Are you declaring another before_create method in your Image model? If so, you'll be overriding the one in the UUIDHelper module. You'll want to either declare the callback a different manner, or call super in the callback in your image model.
Edit: Maybe change the helper to look something like this:
module UUIDHelper
def self.included(base)
base.class_eval do
before_create :set_uuid
def set_uuid
self.uuid = UUID.timestamp_create.to_s
end
end
end
end
I also noticed you're missing the :id => false in your create_table. Check out the example from Ariejan's article a little more closely:
create_table :posts, :id => false do |t|
t.string :uuid, :limit => 36, :primary => true
end
Additionally, I prefer the UUIDTools::UUID.random_create.to_s to the timestamp version.

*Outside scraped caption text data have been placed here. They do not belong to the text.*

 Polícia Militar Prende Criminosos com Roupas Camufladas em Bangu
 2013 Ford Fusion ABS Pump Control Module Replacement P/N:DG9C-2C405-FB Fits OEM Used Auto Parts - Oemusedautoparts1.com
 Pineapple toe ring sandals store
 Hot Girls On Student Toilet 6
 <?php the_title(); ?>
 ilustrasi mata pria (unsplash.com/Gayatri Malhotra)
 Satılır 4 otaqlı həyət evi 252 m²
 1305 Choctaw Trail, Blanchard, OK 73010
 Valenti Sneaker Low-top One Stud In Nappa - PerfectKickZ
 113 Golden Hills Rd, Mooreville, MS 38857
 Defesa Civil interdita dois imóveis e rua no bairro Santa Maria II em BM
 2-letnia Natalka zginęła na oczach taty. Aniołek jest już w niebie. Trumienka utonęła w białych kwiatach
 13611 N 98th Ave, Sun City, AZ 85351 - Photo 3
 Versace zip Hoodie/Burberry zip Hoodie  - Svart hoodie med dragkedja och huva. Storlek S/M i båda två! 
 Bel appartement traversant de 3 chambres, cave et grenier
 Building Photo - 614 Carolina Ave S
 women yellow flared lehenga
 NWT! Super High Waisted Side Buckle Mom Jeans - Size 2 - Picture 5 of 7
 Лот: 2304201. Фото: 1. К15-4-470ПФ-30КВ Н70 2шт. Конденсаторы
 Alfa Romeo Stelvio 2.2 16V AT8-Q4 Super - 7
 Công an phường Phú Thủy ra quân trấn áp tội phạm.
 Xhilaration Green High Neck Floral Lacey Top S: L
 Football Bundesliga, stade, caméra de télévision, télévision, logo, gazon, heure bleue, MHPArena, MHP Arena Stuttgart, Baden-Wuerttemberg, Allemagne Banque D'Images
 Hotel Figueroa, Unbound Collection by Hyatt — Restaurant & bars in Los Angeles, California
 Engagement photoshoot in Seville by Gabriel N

YMMV.
I had to specify the primary key in my model to make it work at the controller level.
class Image < ActiveRecord::Base
include UUIDHelper
set_primary_key :uuid
...
end
I outline a working UUID example in this question:
Is COMB GUID a good idea with Rails 3.1 if I use GUIDs for primary keys?
Obviously you can rewrite set_uuid any way you want--you don't have to use COMB GUIDs.
Credits: adapted from https://github.com/boriscy/uuidrails3/blob/master/lib/uuid_helper.rb referenced in using UUID as primary key in rails and polymorph relationships. Also found an example at https://github.com/belucid/Recent-Updates/blob/884624e433cdffd63abd24b3bdb516a5d1596173/lib/uuid_helper.rb.
You might consider avoiding the use of string types to store your UUID, as it will make lookups super-slow. There is an 'activeuuid' gem that looks promising (uses binary storage).